Charme délicieux du jour qui s’achève ! La grande salle aux boiseries merveilleuses s’assombrissait un peu, tout juste ce qu’il faut pour regretter la clarté qui agonise et savourer l’ombre qui doucement baigne les choses. Sous le ciel gris, une brise fraîche agitait les arbres du Bois, et, penchés sur leurs machines, la tête toute tendue en avant, les jambes tirées et remontées par un ridicule mouvement de bielle, des cyclistes glissaient, poussiéreux et le front en sueur. Cependant, fixé dans le même geste, M. de Montesquiou, étranger aux vanités du dehors, parlait, le gant froissé entre les doigts :

« Ma seconde conférence traita du Voyage. J’évoquais l’image de tous ceux que la nostalgie des pays lointains et des espaces dévorés par les courses hasardeuses avait troublés, et de ceux aussi dont la tendresse calme des lentes pérégrinations, à petites journées et au hasard de la fantaisie, avait ému le cœur : Heine, Vigny, Baudelaire, et moi-même je dis ce que j’avais vu. Puis je dissertai du Mystère, le mystère dans l’art et la nature, et du Nocturne, le mystère dans la vie et dans l’âme. C’étaient là des sujets qui réalisaient absolument les pensées les plus contraires au caractère de ceux qui me recevaient, c’est pourquoi sans doute ils furent écoutés avec tant de faveur. Dès lors, j’étais victorieux, et quand, les jeudis suivants, je me complus à des variations infinies et habiles sur Le Temple, où j’étudiais l’élan universel de l’humanité vers le divin, sur L’Écrin, où je causais des pierres, êtres vivants et magnifiques, sur Le Jardin, où je composais un bouquet à la gloire de toutes les fleurs, j’eus la joie de sentir que mon auditoire m’appartenait. Aussi je compte bien retourner là-bas, mais, cette fois, à Washington, d’où je rayonnerai. »

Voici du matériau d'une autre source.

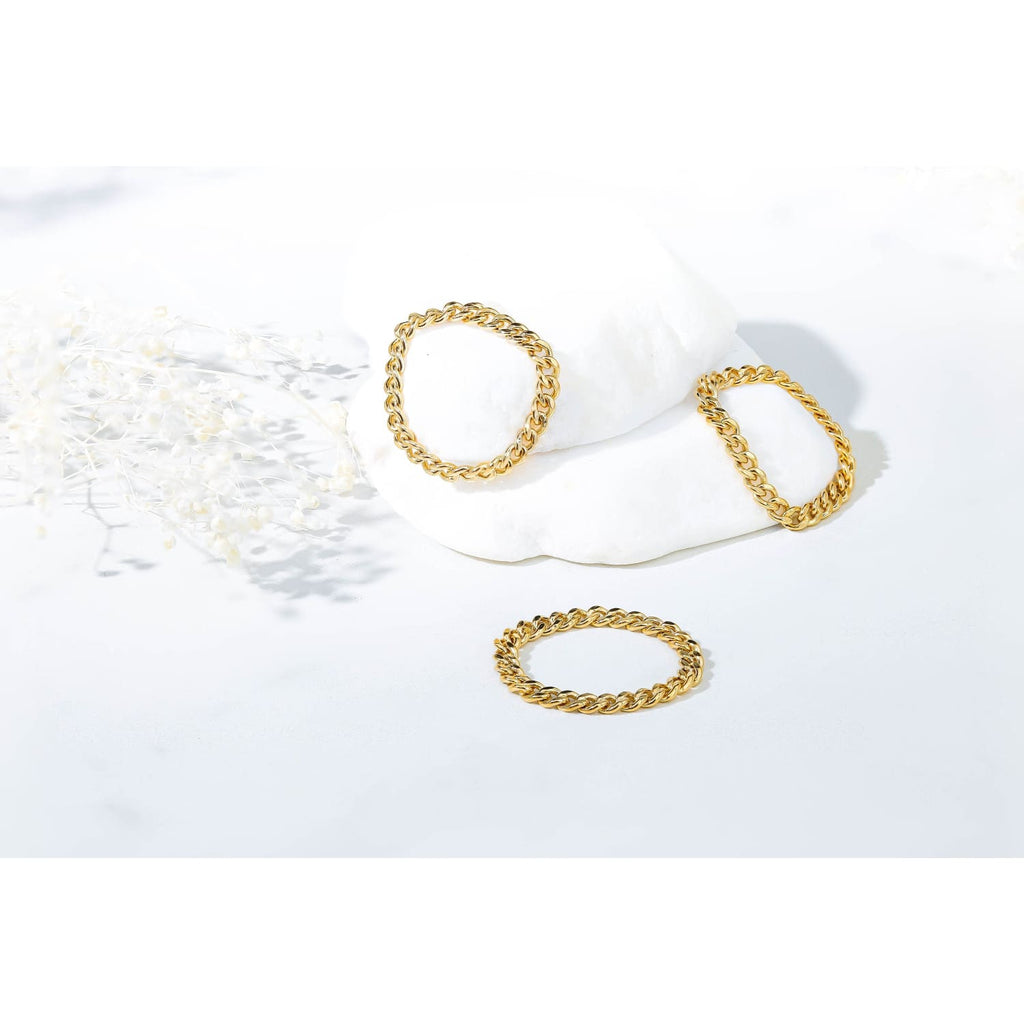 Cuban Link Chain Ring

M. de Montesquiou se leva, et nous l’imitâmes et, sans doute afin d’éviter les applaudissements et les éloges dont nous brûlions de le remercier, il nous pria de le suivre. Nous obéîmes et, durant une heure, il nous promena ainsi, cicérone bienveillant et séduisant, à travers les richesses entassées à tous les étages, splendeurs et délicatesses d’Europe et du Japon, disposées et ordonnées selon le goût le plus sûr, le plus fin et le plus harmonieux. C’est tout un livre qu’il faudrait pour décrire ce musée incomparable. Enfin, après avoir tout visité, nous arrivâmes dans une petite chambre où la lumière ne pénétrait que par une étroite et basse fenêtre. Les murs étaient couverts de portraits et de photographies et, sur des coussins de velours et de soie, sous l’abri des vitrines, des moulages reposaient. On eût dit une chapelle discrète et amoureuse, où un amant aurait réuni les chers souvenirs de celle qu’il adora et que la mort emporta. N’était-ce pas, d’ailleurs, la vérité ? Tout ici glorifiait celle qui avait été Mme  de Castiglione, la reine du second empire, qui, devenue vieille, interdit à la clarté du jour d’entrer dans sa demeure, afin qu’elle ne vît jamais ses rides ni ses cheveux blancs. Pieusement, M. de Montesquiou avait recueilli là tout ce qu’il avait pu découvrir et posséder d’elle-même. Nos yeux avides s’émurent devant les portraits, fidèles reproducteurs de sa beauté évanouie, et nos mains tremblantes saisirent les plâtres qui moulaient son bras long et frêle, ses pieds fins et délicats, les mules chatoyantes qui les avaient délassés de la fatigue, le collier qui avait caressé son cou, et les bagues qui avaient embrassé ses doigts. Nulle parole ne s’échappait de nos lèvres ; le silence seul pouvait exprimer l’étrange et profonde émotion qui nous envahissait devant cet autel qui était aussi un tombeau.